Not pretending I've thought this one through fully, but here are a few
general thoughts.
For DIST, we might have to rethink transactional guarantees. The CAP
theorem [1] for example states that you cannot have strong consistency
with partitions and availability, but that consistency is eventual. We
have to think about what transactions mean with DIST.
Remember our discussions in Neuchatel around Data Center Replication ?
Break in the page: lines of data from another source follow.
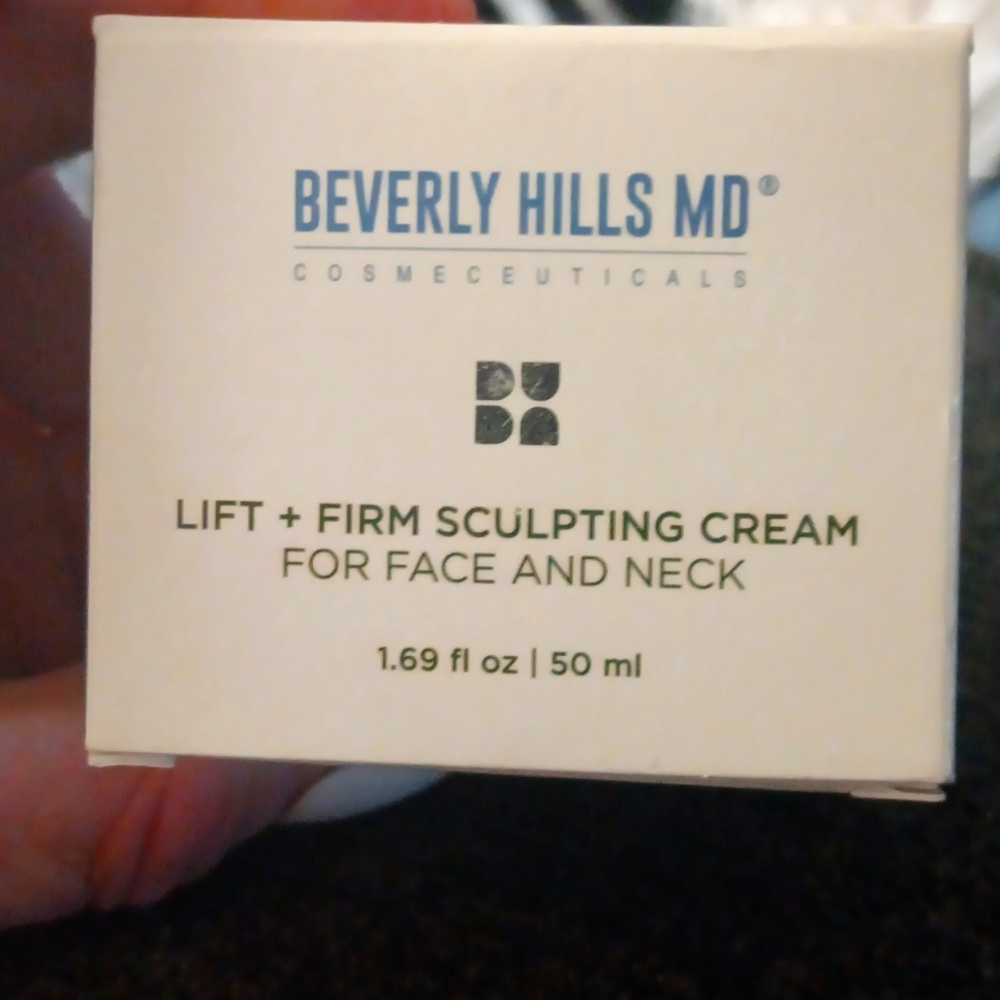 Beverly Hills MD 1.69 fl Oz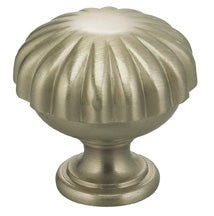 Omnia 9168/25 Cabinet KNOB - Stellar Hardware and Bath 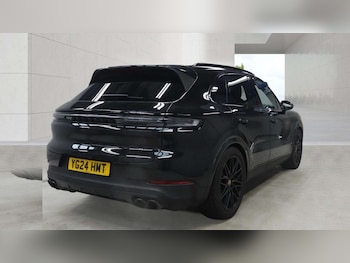 Used Porsche Cayenne 2024 for sale - 78873389: Photo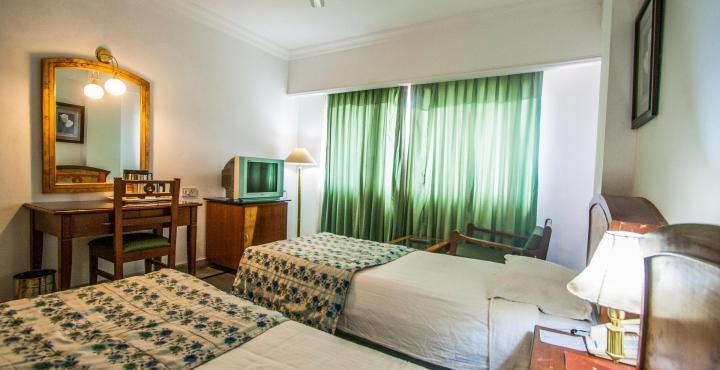 Hotel Chariot Chennai Exterior photo
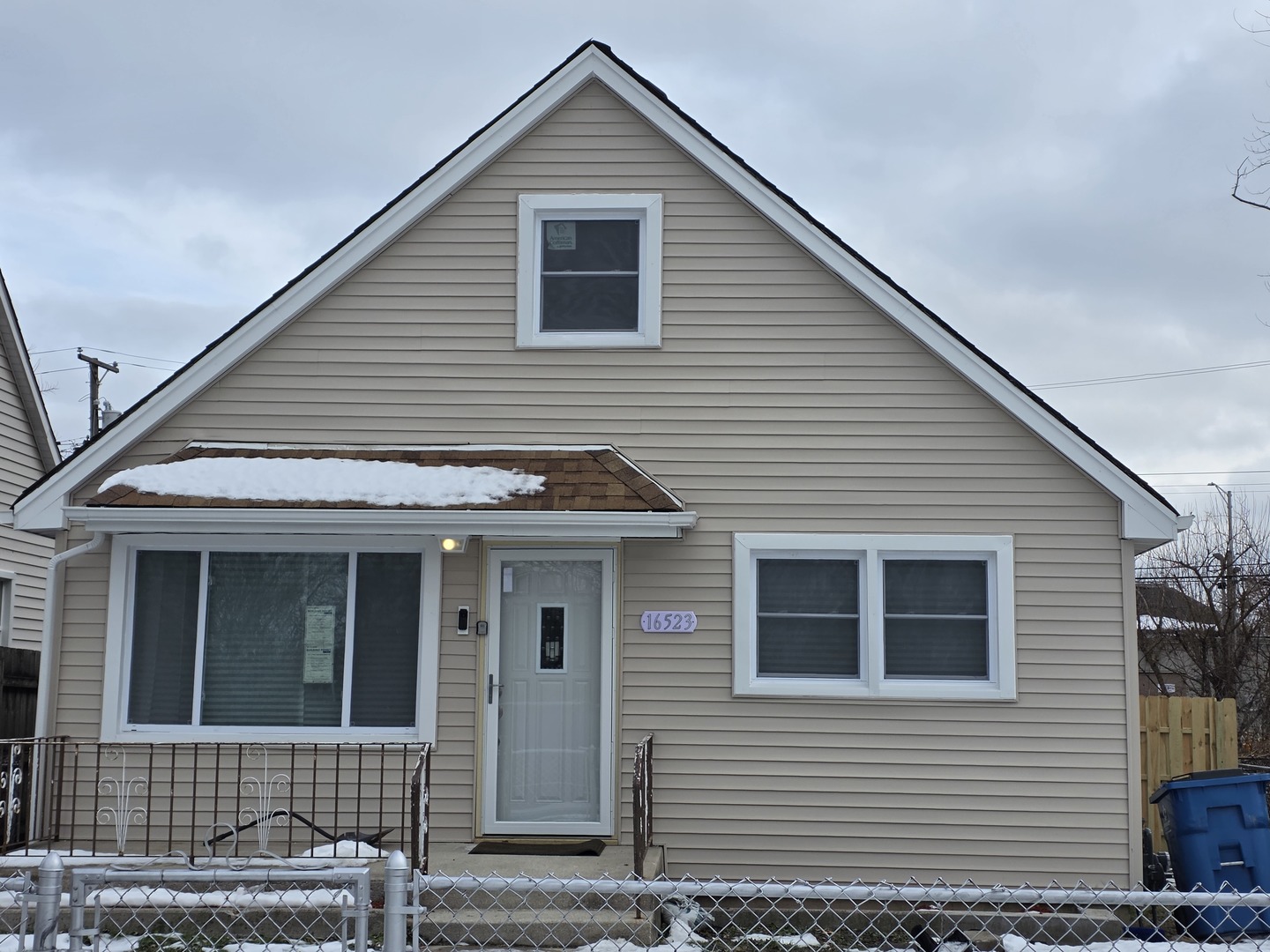 16523 Green Street, Harvey, IL 60426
We thought hard about state transfer (with NBST) between islands, and
came up with a hard complex design. Later, we trashed that design for a
much simpler solution, which periodically pushes changes from one island
to the other.
We already concluded that DIST doesn't need a state transfer when a new
node joins, but the existing node will rehash and the new node will get
some of their data. Same for a crashed (or leaving) node.
So the question is what would break if we adopted the following simple
mechanism:
* On a view change V2, *every node* computes the current membership
ML1 and the next membership ML2
* For every key K, we compute the set of nodes on which K need to
reside for ML1 (S1) and ML2 (S2).
* If S1 == S2, we don't need to do anything
* Else, we compute the new nodes on which K needs to reside and copy
K to it (simple put(K,V) ?). We also remove(K,V) on the nodes on
which K should NOT reside anymore
* This sounds like a lot of work, but remember that a good consisten
hash function should rehash 1/N keys at most, e.g. if we have
100'000 keys and 100 nodes, we should rehash 1'000 keys at most
* The rehashing could be done in the background: going with eventual
consistency, we could define a grace period in which this
rehashing is done. During this time, the consistent hash function
works on ML1 *and* ML2, whereas the rehashing works only on ML2 !
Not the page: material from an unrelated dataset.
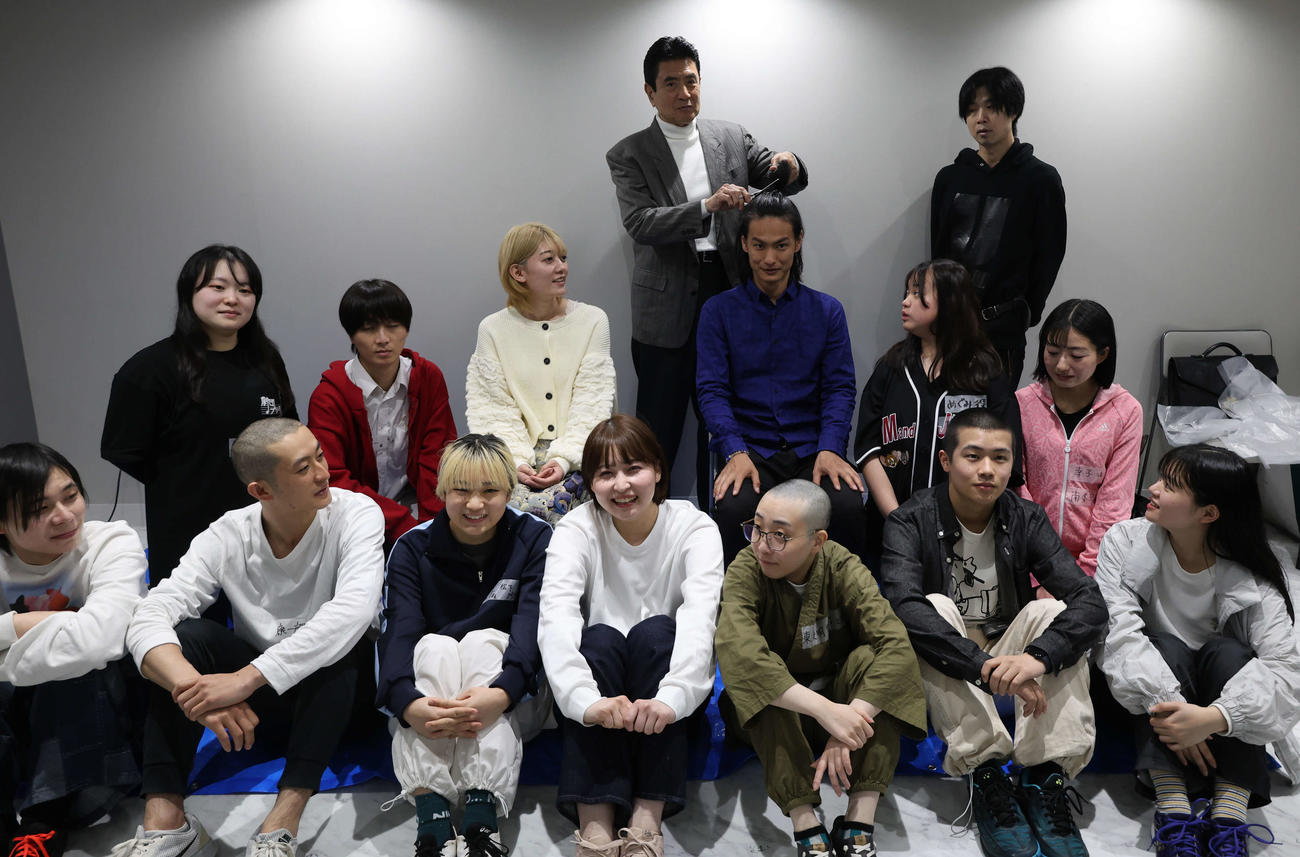 断髪式の臨む前の、舞台「友情～秋桜のバラード」の生徒役たち。最上段左は担任教師役の名高達男（ムトー清次氏撮影）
* When the rehashing is done, every node agrees and switches to ML2
* For a cache with repl-count -1 (immortal), we could simple do a
full state transfer with NBST.
My 2 cents, want to chat over skype today ?
[1]
http://www.allthingsdistributed.com/2008/12/eventually_consistent.html
Manik Surtani wrote:
So the blocker for distribution now is rehashing. This is much
trickier a problem than I previously thought, since it brings all of
the concerns we have with state transfer - the ability to generate and
apply state, preferably while not stopping the cluster, not
overwriting state from ongoing transactions, etc.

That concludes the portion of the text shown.